Submitted by Ken Watts on Thu, 05/07/2009 - 20:50

IN MY FIRST POST ON THIS TOPIC I over-reached myself. It was written in the heat of discovery, and I forgot a few things about the fundamentalist mind-set, and about the nature of translations, that I should have remembered.

I presented a passage from Numbers, which I had just stumbled upon, and which seemed to me make an unanswerable case against the fundamentalist anti-abortion stance. The very fact that it seemed so unanswerable should have warned me, but it didn't.

So I'm going to proceed a bit more cautiously with the rest of this series. To begin with, I'll explain where the loophole was in my first post. Then I'll backtrack to some of the other points I only hinted at there—the points which convinced me, when I was still a very conservative Christian during the Reagan years to become pro-choice.

But first, the loophole.

It's ridiculously simple. Back in my religious days, when I was teaching New Testament Greek at a relatively conservative seminary, I did quite a bit of research into the various English translations of the Bible with an eye to choosing the best one for purposes of teaching.

After comparing a lot of translations and weighing the pros and cons of each, I settled on the New English Bible, and used it through the rest of my religious life.

Consequently, to this day it sits on my shelf, and it's the one I consulted when I first heard of this passage.

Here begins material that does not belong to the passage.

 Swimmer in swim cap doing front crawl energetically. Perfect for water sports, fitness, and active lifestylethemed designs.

Unfortunately, it does not word the passage the same way as the translations favored by conservative Christians. So, in that respect my post fell on deaf ears.

I won't defend the NEB translation of those particular verses in detail because I no longer have the skills necessary, but I will make one point about the NEB in response to some of the criticism I've received.

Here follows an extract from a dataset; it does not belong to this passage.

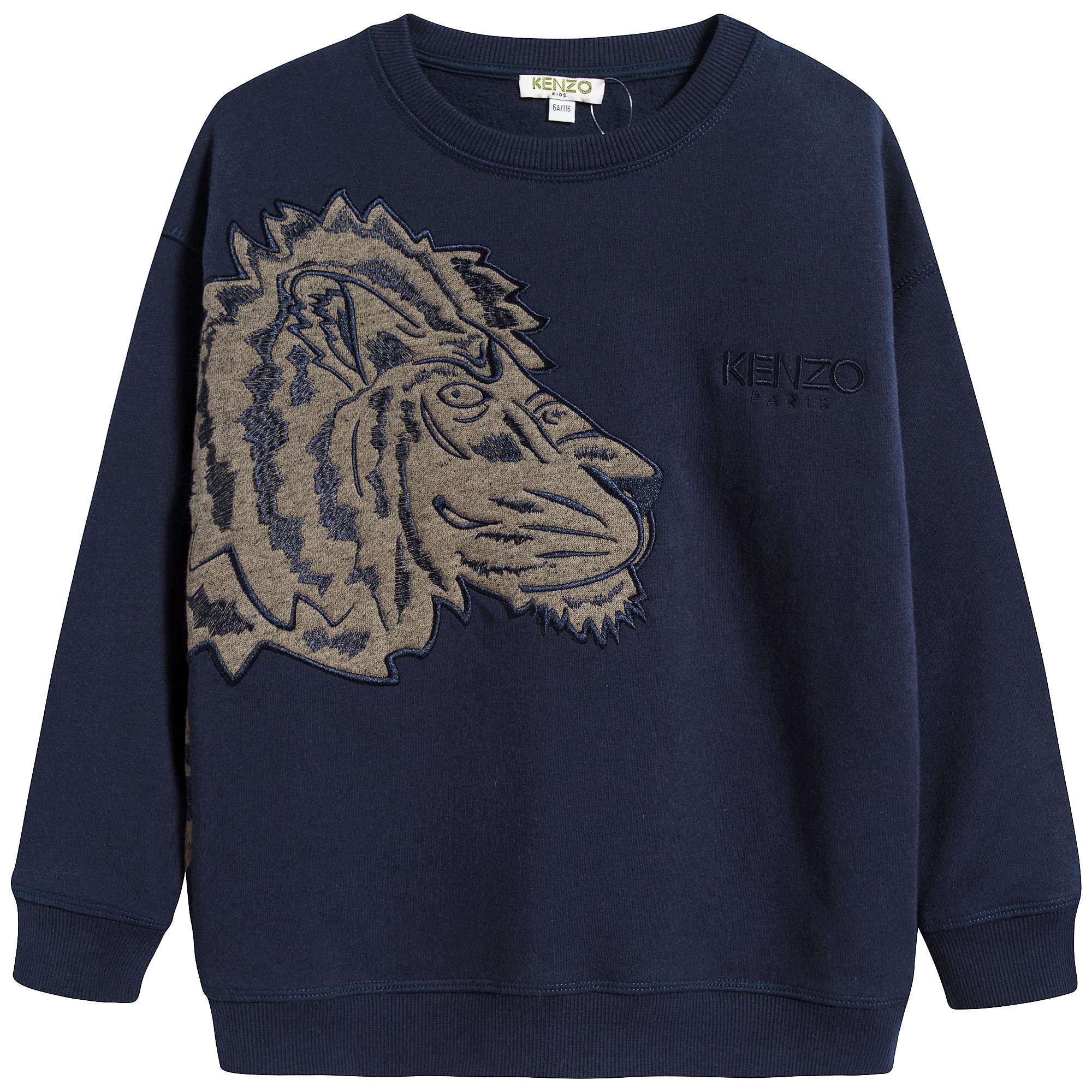 Boys Navy With Tiger Cotton Sweatshirt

It's very common for those at the conservative end of the church to think that the more "literal" a translation is, the more accurate it is. This is nonsense.

I'll give one brief illustration before moving on. Suppose you were translating a sentence like, "He thought he could get out of the dog house by offering her an Eskimo pie," into a language which didn't use the phrases "dog house" or "Eskimo pie" the way we do in English.

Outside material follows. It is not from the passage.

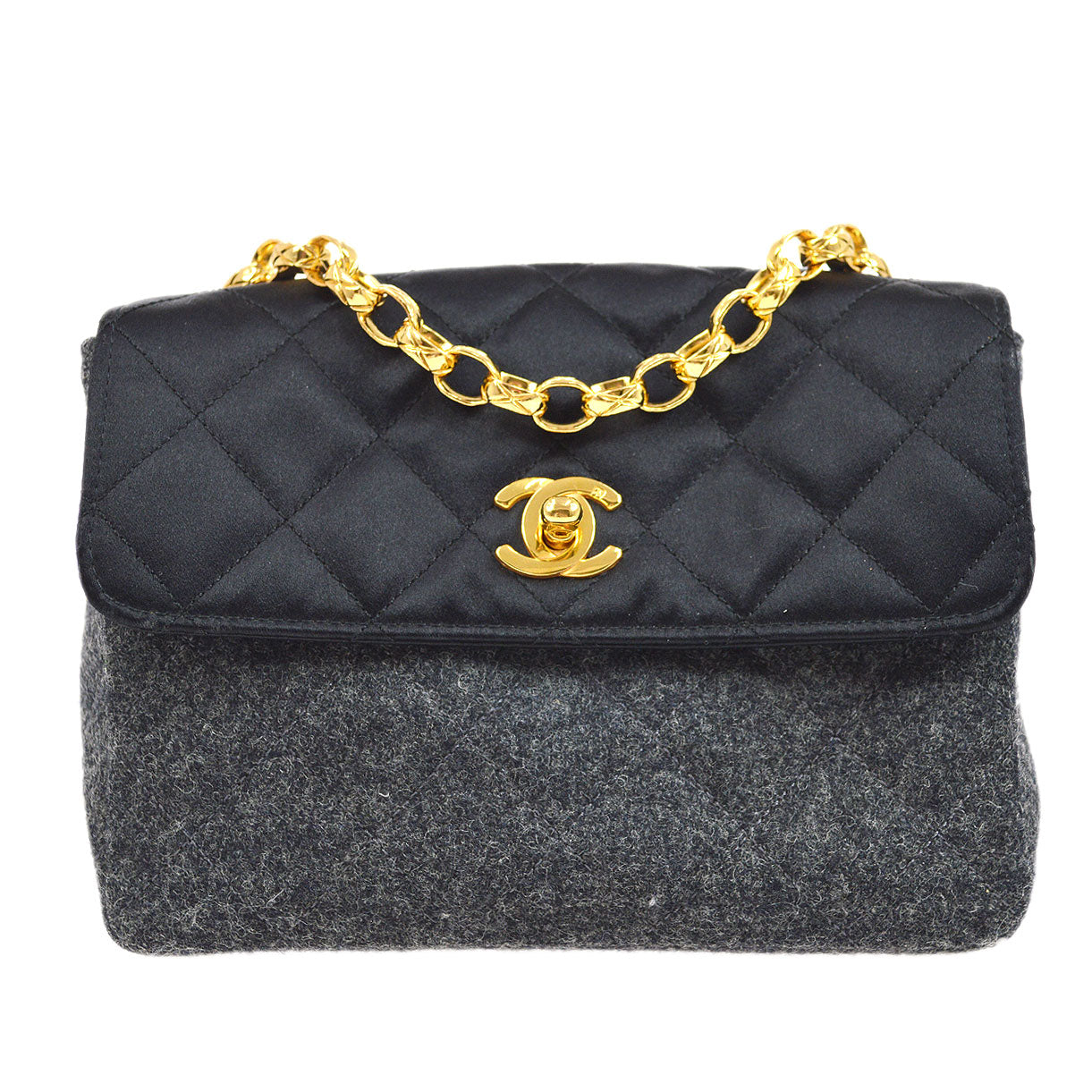 CHANEL 1989-1991 Black Satin Grey Wool Straight Flap Mini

You could translate it literally, as "He thought he could escape the canine living quarters by offering her a native Alaskan pastry," or you could translate it on a thought for thought basis as "He thought he could get her to forgive him if he offered her a treat made from chocolate and ice cream."

Which would be more accurate? Obviously the less "literal" one. This, in general, was the philosophy behind the NEB, and was one of the reasons I liked it so much at the time.

But it is also an extra reason for my conservative readers to reject the NEB. And I should have anticipated that.

After all, when I was even younger I had been one of them.